Wednesday, January 31, 2018

Disarming the warrior-God

In vol. 1, chap. 7 of Greg Boyd's The Crucifixion of the Warrior God, the author catalogues what he takes to be biblical representations of divine violence. That's foundational to his thesis. 

1. In his reading of the OT, he explicitly takes the side of militant atheists and outspoken enemies of the faith like Christopher Hitchens, Richard Dawkins, and Sam Harris. He cites them in a footnote, in positive agreement. Boyd is a fifth column within Christianity. An ally with those who seek to destroy biblical theism.  

2. His examples aren't all of a piece. On the one hand, I agree with him that some of his examples depict divine violence: holy war commands, the Flood, Sodom & Gomorrah, plague of the firstborn, David's census, God sending "evil/lying spirits". I agree with him on what those passages represent.

3. That said, the specific problem is generated by Boyd's idiosyncratic, "cruciform" pacifism. Divine violence is a problem for his theology. It runs counter to his theological paradigm. He devotes 1500 pages to solving an artificial problem that he created. 

If you don't think retributive justice is wrong, then these passages aren't at odds with divine benevolence. A good God is a just God. A just God is a punitive God. 

I'm not saying that observation dissolves all the difficulties. But Boyd's objection to the OT (and parts of the NT) is predicated on his preconceived notion that God must be nonviolent. At that level, the contradiction is not internal to Scripture, but superimposed by his eccentric theology. He filters Scripture through his "cruciform" prism. In that respect, the problem isn't located in the text; rather, that's projected onto the text by his theological paradigm.

4. Over and above that are general difficulties not distinctive to his peculiar theology. I've dealt with this before. Because humans are social creatures, collective judgment inevitably harms the innocent as well as the guilty, the righteous as well as the wicked. Collective judgment doesn't imply collective guilt. 

There is, however, a sorting out process in the afterlife. God's rough justice in this life is more discriminating in the afterlife. There's a reversal of fortunes. Eschatological compensations. 

5. In addition, as I've noted on more than one occasion, everyone dies sooner or later. Whether people die by divine command or divine providence makes no moral difference that I can see. Either both are consistent with divine benevolence or inconsistent with divine benevolence.  

6. Moreover, as I've said on other occasions, biblical judgments and atrocities don't create a special problem. They don't really add anything to the theodical issue.
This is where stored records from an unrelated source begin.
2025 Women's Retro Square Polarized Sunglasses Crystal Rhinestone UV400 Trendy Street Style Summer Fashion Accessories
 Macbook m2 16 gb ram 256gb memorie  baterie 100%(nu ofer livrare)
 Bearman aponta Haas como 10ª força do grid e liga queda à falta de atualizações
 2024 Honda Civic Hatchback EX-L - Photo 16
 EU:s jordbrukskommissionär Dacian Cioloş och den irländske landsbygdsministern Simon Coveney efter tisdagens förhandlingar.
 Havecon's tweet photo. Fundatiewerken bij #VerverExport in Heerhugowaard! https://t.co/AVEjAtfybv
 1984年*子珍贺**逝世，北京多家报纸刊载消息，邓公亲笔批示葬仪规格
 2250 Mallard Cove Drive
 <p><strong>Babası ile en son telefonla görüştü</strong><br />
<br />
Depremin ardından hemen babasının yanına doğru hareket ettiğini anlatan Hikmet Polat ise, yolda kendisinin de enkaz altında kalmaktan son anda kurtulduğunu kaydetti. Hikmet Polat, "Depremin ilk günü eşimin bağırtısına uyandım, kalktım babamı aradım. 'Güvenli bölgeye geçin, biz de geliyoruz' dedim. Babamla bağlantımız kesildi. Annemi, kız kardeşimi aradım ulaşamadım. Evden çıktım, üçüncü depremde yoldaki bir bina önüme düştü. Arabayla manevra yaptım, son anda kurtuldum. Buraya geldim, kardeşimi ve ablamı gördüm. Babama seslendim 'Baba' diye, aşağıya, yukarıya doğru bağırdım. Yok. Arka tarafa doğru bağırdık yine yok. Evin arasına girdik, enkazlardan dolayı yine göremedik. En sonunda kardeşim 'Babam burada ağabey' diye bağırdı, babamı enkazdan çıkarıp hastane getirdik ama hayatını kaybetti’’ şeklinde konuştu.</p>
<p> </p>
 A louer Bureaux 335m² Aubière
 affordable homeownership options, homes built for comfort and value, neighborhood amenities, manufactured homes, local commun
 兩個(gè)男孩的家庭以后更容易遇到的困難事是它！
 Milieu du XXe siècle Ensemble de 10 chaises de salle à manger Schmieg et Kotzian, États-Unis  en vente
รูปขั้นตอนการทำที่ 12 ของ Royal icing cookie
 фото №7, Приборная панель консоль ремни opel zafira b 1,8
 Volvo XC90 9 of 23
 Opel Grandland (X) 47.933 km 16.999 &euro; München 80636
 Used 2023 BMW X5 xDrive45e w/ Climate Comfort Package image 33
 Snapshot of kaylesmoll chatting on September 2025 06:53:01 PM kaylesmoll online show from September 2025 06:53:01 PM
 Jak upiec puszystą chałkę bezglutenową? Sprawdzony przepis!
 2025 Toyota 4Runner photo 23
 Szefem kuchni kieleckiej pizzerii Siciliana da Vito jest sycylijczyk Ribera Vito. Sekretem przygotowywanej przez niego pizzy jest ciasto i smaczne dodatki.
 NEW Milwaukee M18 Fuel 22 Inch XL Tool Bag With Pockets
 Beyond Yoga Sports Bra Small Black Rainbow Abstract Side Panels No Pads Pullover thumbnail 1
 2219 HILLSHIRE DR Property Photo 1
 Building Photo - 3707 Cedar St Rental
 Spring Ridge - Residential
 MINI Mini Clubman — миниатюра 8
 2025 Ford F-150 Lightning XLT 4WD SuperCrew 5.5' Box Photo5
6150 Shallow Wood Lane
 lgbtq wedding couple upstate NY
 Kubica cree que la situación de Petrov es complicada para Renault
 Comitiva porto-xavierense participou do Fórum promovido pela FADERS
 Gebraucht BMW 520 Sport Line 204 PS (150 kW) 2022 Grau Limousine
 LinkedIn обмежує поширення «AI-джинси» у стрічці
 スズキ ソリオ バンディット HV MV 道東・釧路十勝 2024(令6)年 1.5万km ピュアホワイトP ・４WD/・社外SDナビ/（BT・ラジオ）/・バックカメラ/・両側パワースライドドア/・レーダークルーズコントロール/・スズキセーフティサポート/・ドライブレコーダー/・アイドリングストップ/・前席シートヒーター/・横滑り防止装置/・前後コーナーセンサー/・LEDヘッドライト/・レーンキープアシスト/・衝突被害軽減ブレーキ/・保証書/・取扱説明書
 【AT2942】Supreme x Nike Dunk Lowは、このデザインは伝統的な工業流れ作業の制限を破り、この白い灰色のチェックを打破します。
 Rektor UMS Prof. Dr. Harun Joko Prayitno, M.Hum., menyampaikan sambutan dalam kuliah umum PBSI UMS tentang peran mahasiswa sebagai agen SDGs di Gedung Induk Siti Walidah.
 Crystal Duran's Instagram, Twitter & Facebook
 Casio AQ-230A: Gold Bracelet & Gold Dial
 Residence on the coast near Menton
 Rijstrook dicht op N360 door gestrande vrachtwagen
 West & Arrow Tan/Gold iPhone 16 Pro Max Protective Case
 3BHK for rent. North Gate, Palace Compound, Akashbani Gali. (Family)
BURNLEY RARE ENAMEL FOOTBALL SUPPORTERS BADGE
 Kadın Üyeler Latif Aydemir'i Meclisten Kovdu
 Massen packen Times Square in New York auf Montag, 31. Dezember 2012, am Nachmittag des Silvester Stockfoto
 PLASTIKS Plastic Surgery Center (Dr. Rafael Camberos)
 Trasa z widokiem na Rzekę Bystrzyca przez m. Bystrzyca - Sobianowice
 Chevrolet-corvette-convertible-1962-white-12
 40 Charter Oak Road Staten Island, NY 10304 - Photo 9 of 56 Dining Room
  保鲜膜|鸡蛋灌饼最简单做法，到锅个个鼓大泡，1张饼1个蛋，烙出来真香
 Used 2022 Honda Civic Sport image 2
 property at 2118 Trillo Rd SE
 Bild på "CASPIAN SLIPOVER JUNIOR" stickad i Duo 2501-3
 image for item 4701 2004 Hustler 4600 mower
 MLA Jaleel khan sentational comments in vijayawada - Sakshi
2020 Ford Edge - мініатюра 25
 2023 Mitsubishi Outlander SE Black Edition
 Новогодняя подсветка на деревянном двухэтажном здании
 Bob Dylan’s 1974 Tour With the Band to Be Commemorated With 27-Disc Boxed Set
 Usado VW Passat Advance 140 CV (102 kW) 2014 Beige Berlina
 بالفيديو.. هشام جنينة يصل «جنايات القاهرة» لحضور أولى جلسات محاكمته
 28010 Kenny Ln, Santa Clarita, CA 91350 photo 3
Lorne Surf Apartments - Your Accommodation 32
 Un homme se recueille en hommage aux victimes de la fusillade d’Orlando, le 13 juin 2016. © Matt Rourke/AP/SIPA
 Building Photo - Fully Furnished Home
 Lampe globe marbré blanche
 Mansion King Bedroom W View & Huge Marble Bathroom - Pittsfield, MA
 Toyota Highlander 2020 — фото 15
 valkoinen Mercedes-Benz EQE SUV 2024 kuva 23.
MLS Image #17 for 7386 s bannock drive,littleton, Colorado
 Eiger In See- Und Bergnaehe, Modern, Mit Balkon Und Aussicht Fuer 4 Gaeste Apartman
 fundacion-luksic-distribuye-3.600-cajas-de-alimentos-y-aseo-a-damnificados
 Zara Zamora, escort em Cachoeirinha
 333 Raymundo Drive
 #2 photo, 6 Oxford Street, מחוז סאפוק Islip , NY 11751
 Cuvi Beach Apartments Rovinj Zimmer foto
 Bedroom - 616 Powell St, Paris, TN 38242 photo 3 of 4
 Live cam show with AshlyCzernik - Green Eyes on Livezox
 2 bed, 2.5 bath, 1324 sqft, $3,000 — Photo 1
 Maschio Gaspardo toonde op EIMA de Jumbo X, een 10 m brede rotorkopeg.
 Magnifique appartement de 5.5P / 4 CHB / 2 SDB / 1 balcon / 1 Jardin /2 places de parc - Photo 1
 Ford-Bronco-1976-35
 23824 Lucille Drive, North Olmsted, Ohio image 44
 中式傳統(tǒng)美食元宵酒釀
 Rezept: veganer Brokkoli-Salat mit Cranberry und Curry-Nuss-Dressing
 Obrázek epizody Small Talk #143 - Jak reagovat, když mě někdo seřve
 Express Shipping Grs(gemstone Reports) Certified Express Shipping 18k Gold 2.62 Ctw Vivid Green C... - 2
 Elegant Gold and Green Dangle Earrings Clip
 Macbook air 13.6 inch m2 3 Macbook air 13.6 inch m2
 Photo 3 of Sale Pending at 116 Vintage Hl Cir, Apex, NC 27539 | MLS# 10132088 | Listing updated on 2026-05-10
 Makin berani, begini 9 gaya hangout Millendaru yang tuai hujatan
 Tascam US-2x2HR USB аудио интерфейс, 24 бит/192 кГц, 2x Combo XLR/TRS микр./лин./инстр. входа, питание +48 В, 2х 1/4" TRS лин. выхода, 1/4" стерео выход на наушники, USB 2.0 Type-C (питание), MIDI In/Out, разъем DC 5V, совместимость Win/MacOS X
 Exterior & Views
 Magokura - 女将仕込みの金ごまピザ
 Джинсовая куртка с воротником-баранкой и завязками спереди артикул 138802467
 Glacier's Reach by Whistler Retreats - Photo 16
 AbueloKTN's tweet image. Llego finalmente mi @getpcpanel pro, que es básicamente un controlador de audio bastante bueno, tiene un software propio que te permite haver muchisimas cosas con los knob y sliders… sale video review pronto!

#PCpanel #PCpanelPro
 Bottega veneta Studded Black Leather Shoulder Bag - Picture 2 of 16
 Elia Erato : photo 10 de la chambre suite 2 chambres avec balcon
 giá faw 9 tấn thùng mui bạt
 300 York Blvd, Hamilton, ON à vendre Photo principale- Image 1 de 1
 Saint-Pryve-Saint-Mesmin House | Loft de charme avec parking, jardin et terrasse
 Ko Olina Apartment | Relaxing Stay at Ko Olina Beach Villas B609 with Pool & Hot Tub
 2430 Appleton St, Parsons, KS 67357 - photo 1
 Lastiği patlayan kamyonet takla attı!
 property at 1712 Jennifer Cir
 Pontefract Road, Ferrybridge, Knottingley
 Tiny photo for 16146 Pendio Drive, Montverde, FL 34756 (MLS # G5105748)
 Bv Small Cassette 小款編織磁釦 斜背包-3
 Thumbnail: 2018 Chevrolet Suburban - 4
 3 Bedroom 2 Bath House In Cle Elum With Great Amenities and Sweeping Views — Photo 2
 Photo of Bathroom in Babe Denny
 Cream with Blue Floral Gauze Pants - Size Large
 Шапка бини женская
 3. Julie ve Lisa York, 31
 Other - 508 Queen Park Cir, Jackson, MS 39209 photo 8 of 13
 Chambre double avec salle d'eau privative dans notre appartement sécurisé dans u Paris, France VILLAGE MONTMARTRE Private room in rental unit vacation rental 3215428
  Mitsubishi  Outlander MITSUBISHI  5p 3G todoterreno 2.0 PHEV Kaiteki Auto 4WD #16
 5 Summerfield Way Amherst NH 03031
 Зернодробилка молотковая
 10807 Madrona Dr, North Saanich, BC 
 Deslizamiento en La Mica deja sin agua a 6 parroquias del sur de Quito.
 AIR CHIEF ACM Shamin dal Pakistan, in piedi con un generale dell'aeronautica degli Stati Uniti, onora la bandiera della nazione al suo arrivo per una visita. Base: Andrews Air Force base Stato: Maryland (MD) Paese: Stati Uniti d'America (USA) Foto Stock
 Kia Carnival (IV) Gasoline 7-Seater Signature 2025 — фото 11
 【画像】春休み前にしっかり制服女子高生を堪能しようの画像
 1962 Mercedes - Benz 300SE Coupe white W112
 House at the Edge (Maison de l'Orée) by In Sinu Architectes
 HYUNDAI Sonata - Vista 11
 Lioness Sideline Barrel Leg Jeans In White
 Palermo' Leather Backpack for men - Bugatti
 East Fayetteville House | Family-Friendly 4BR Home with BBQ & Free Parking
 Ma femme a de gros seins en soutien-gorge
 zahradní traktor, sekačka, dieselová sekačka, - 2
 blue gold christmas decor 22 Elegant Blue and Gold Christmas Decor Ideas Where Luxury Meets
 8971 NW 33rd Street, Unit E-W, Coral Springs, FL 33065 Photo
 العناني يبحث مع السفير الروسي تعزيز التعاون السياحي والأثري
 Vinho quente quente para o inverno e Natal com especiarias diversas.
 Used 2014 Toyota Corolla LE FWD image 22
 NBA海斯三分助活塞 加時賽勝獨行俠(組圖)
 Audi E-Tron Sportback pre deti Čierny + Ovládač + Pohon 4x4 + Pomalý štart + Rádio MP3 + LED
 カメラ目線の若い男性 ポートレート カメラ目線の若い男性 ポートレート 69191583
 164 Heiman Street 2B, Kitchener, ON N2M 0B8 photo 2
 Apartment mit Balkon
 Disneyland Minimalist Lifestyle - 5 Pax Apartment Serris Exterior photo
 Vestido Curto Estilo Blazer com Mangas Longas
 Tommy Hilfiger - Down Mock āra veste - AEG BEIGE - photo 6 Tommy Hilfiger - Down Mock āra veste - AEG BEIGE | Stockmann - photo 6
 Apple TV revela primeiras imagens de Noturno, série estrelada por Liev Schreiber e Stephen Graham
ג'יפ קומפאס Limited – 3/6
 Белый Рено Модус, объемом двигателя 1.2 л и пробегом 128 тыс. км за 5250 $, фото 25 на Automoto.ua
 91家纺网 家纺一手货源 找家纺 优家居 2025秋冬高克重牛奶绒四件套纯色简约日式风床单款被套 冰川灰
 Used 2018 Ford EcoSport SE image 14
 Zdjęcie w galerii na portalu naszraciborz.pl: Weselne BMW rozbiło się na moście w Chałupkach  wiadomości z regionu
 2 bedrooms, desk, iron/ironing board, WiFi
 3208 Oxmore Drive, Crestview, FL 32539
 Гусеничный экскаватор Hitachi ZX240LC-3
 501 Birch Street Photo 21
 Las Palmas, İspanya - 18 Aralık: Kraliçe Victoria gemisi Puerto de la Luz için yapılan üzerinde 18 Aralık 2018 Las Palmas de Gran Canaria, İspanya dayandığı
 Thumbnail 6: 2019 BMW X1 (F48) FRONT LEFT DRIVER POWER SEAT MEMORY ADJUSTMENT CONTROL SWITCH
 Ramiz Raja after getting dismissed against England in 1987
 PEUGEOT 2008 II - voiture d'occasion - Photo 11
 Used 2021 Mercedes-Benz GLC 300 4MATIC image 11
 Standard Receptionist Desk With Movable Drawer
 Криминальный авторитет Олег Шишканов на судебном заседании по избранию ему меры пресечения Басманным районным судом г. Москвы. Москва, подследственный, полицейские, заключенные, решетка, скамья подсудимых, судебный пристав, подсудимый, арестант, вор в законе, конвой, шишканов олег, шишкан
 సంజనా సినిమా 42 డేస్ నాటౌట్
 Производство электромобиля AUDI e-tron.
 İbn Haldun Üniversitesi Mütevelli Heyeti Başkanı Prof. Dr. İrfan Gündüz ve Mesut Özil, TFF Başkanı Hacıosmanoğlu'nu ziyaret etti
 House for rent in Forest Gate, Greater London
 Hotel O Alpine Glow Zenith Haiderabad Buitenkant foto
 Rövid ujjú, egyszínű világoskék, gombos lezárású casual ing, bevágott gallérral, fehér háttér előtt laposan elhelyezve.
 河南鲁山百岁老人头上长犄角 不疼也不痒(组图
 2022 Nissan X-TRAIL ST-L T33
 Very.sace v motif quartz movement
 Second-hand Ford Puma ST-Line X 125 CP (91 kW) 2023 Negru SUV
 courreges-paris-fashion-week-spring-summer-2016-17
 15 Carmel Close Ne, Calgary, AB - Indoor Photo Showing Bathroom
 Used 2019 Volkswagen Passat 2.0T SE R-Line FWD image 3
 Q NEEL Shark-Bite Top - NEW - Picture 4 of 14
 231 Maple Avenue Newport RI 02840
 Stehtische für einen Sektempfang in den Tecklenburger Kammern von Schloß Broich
That's because atrocities and natural disasters occur outside the text of Scripture. Even if Scripture didn't record any of this material, the theodical issue would remain because the same difficulties are paralleled in divine providence. Conversely, if we have theodical resources adequate to exonerate divine providence in the face of atrocities and natural disasters outside Bible history, then these are adequate to exonerate divine benevolence in the face of analogous examples within Bible history. 

Sure, the OT is full of grisly stuff. But that's true of human history in general. There's nothing in the OT to uniquely shock our moral sensibilities. Nothing that doesn't have analogue in human history generally. Eliminating the horrors of OT history does nothing to eliminate the horrors of secular history. The problem of evil is basically the same inside and outside of Scripture. 

A Christian is somebody who already knows that morally hideous things happen in the world, but continues to believe in God in spite of that. Evil is a given, not a newfound discovery. And it's not as if atheism represents an improvement. 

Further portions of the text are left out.